The CCP’s role is to consider complaints that NHS bodies (including commissioners) have acted inconsistently with the Principles and Rules of Co-operation and Competition.  Those Principles include, among other things, that payment regimes and financial intervention in the system must be transparent and fair and that the Procurement Guide must be followed.

In the two recent cases, provider associations argued that the prices set by the commissioners fell below the cost of provision, breaching the Principles and Rules and resulting in the PCTs being unable to commission sufficient places.  In both cases, the CCP used the same formulation to dismiss the complaints: “In our view, there is sufficient flexibility in the way prices are set and in the frequency with which the commissioner will reopen the framework agreement to ensure that this concern does not arise”.

In one sense, the CCP has an economic logic; if prices fall below cost, there will be an excess in demand as providers decline to offer services.  The only way for commissioners to meet the shortfall in places would be to raise prices until all demand is met.  That much is basic micro-economics.

The problem with that analysis, however, is that it assumes perfect information about quality.  In other words, it assumes that commissioners are able to distinguish between those offering low prices but adequate quality, as compared to those who offer low prices but skimp on quality.
In practice, as we have repeatedly seen with CQC, it is not easy to accurately assess the quality.  One thing that we can be sure of, however, is that when revenue fall, attempts will be made to reduce costs.  These two factors mean that when fees are reduced, quality is likely to fall and it may often be difficult for commissioners to detect the decline in quality.

In economic theory, where there are information asymmetries (as there are between commissioners and providers about quality), a moral hazard can be expected where one party is able to exploit the asymmetry by being insulated from the full effects of their behaviour.  Where there are sufficient providers in a market, the competition between providers will help to mitigate that effect.  However, where a price model is based on attracting the minimum number of providers necessary to meet demand, the moral hazard is, indeed, a real danger. It will attract to the market not those who provide the best quality, but rather those who are best able to hoodwink commissioners about their poor quality.
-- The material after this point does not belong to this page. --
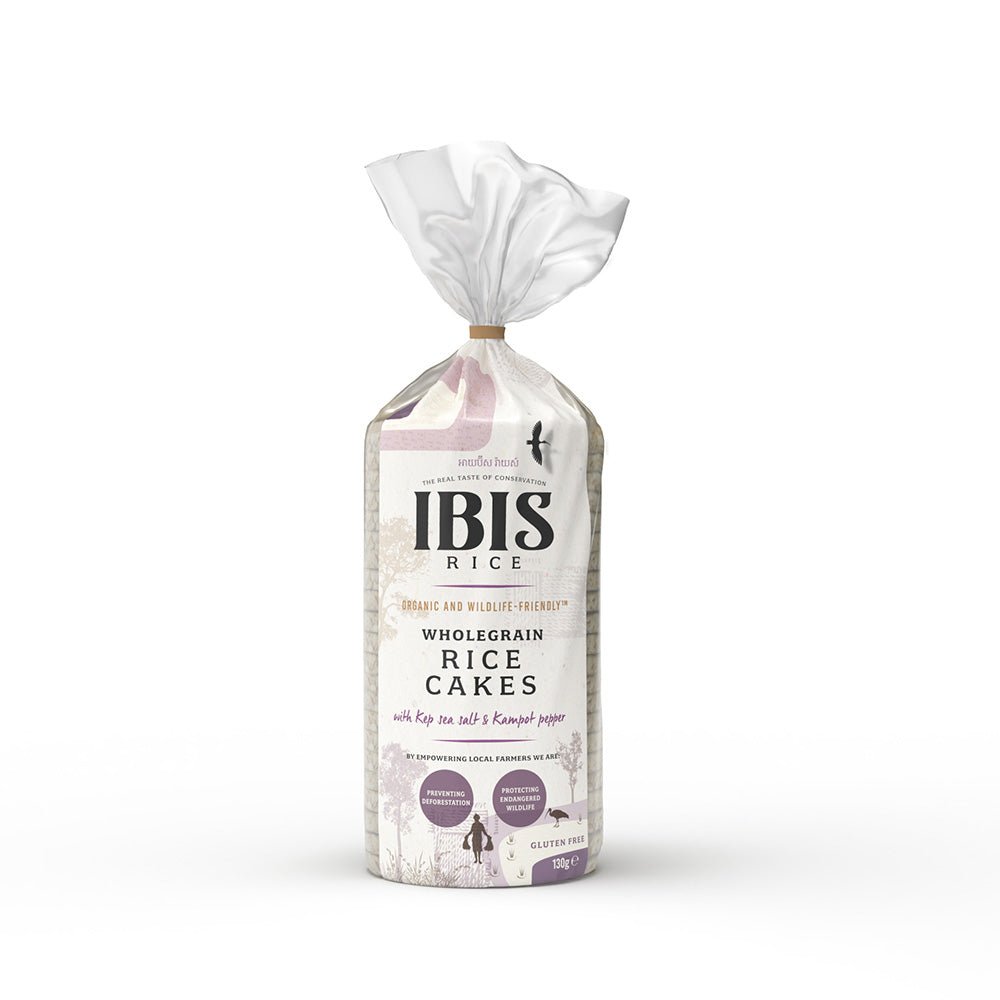 Organic Rice Cakes Salt & Pepper 130g - Greenlands Health Store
In the present economic climate, it is only to be expected that the CCP would be reluctant to interfere with price.  However, any analysis which fails to take into account the ability of poor providers to mask low quality is incomplete and the CCP should have made a more robust analysis about how prices were set.  The tragedy of the ever-reducing fees paid to the sector is the inevitable risk that low price, bad quality provision will drive out good provision resulting in real harm to those in society who most need our protection.